**PROVIDED ENTRIES:**
- - - - -
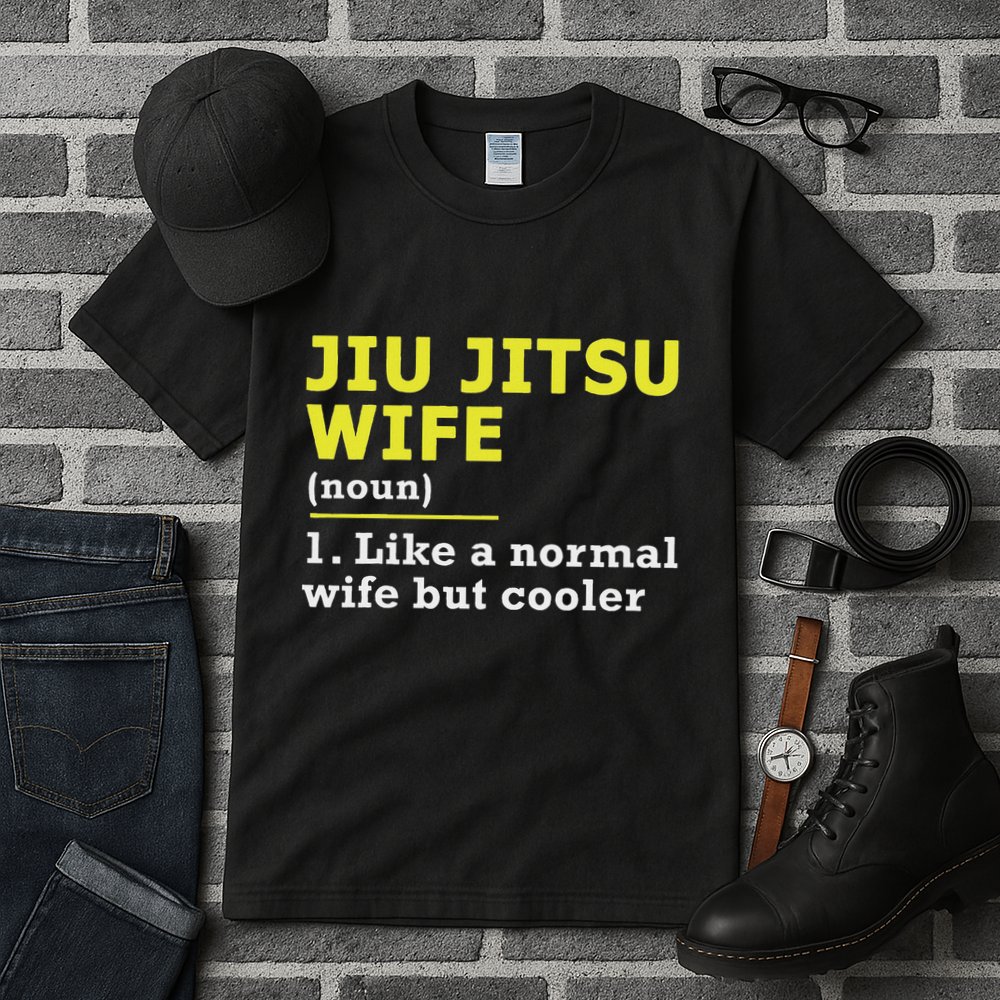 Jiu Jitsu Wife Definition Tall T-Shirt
- - - - -
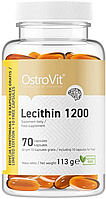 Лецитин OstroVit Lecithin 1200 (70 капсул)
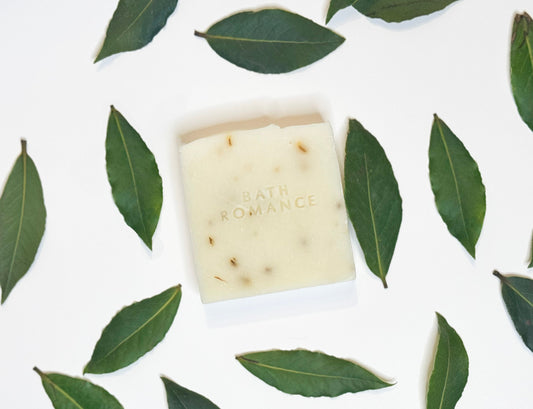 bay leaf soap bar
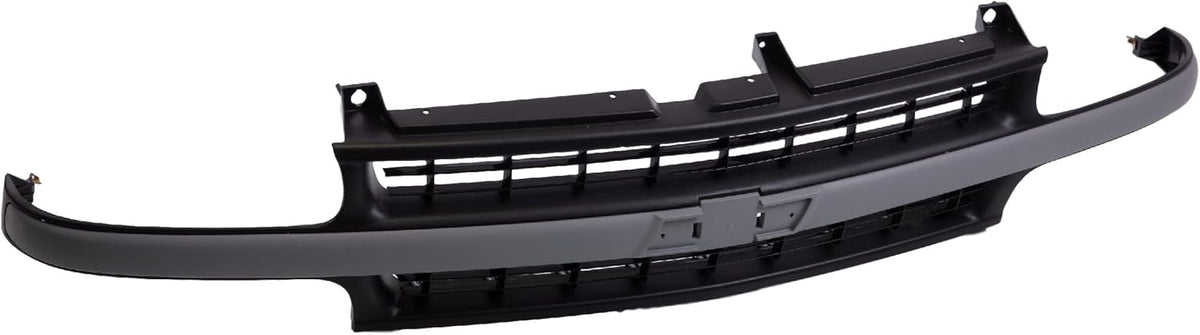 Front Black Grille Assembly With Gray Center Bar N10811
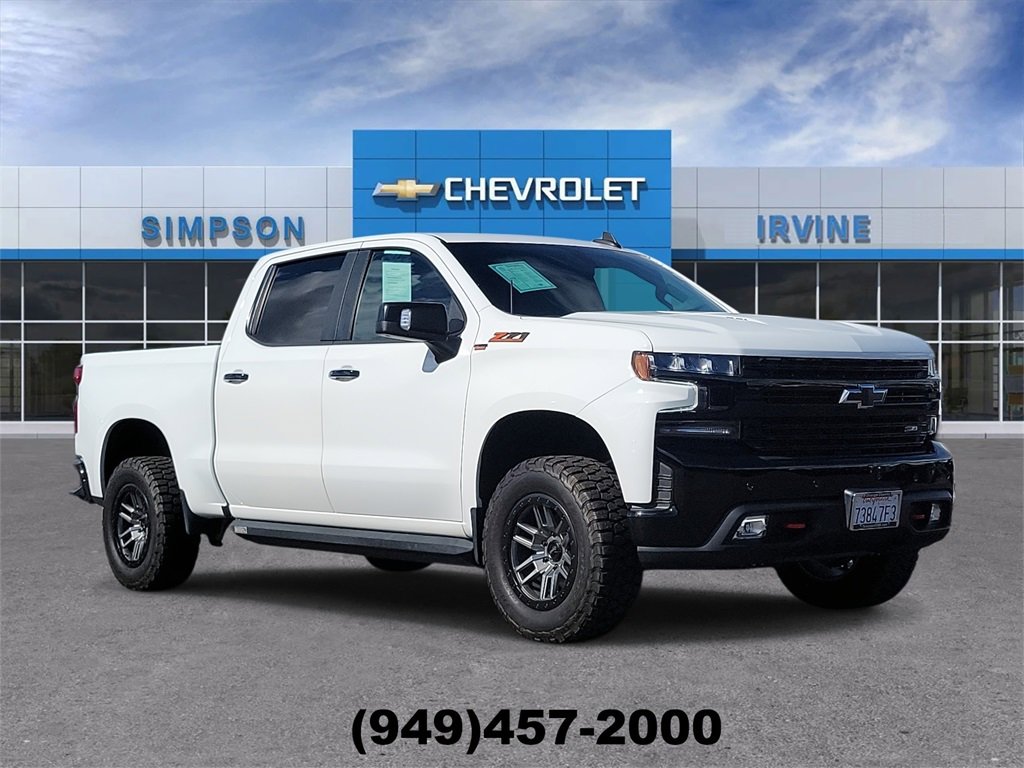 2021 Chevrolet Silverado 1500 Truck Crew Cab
- - - - -
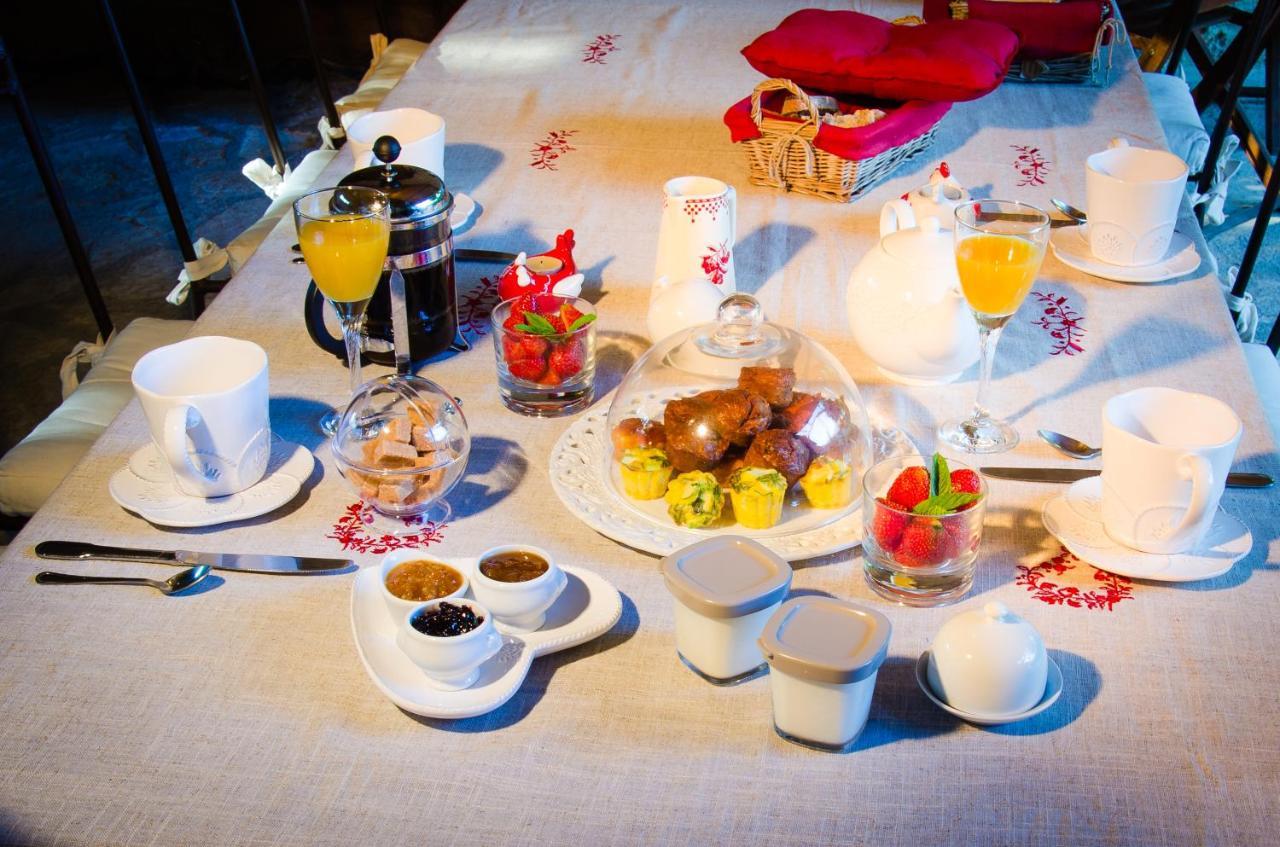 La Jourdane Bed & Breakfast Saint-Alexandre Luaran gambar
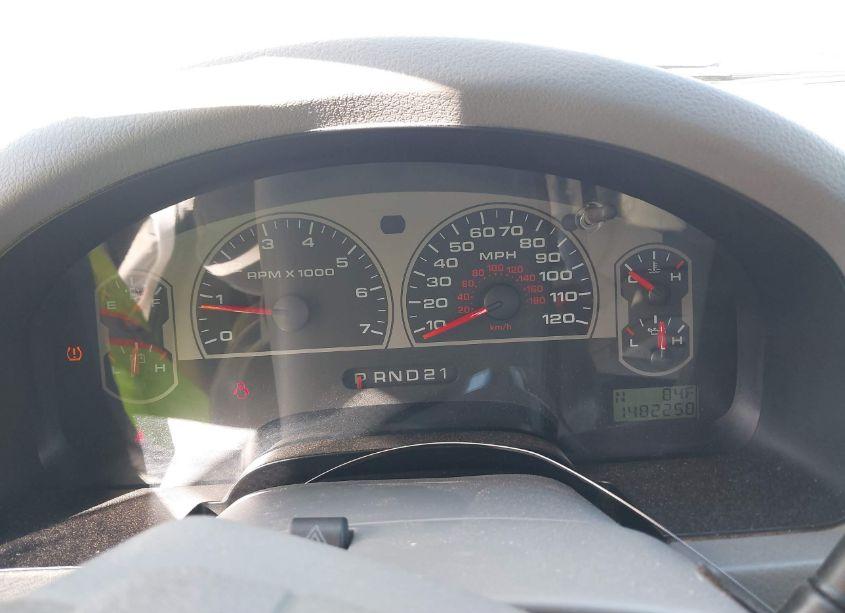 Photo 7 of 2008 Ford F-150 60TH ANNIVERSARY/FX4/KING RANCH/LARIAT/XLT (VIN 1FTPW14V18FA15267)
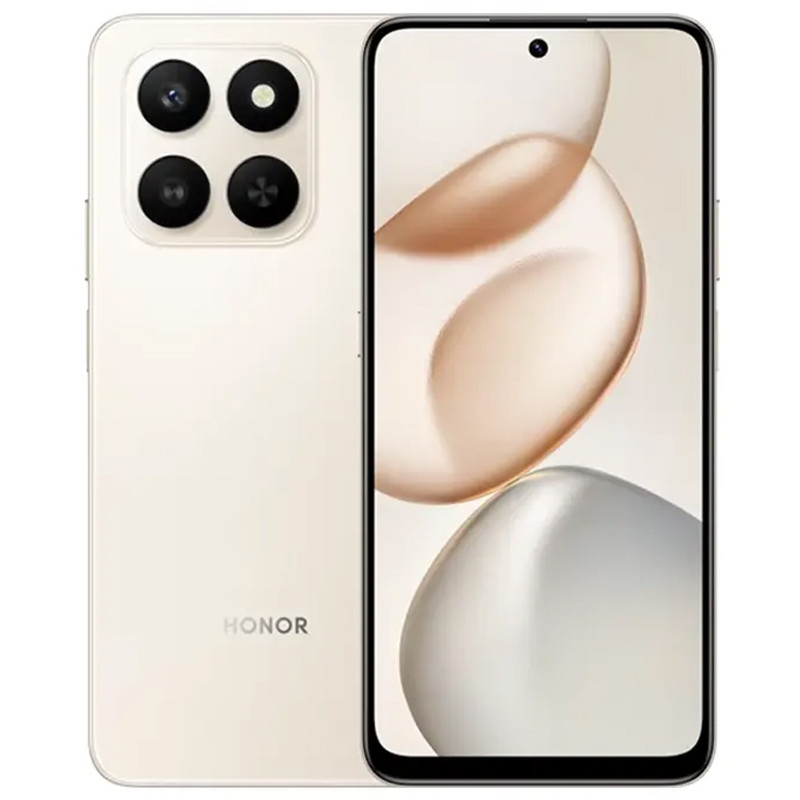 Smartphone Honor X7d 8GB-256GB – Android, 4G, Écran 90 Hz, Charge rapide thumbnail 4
- - - - -
**YOUR GOAL:**
The copy should hold only the lines from the one with "La Jourdane Bed" through the one with "Smartphone Honor X7d", exactly as they stand above. Leave out the pictures.

**COMPLETED EXERCISE:**
 La Jourdane Bed & Breakfast Saint-Alexandre Luaran gambar
 Photo 7 of 2008 Ford F-150 60TH ANNIVERSARY/FX4/KING RANCH/LARIAT/XLT (VIN 1FTPW14V18FA15267)
 Smartphone Honor X7d 8GB-256GB – Android, 4G, Écran 90 Hz, Charge rapide thumbnail 4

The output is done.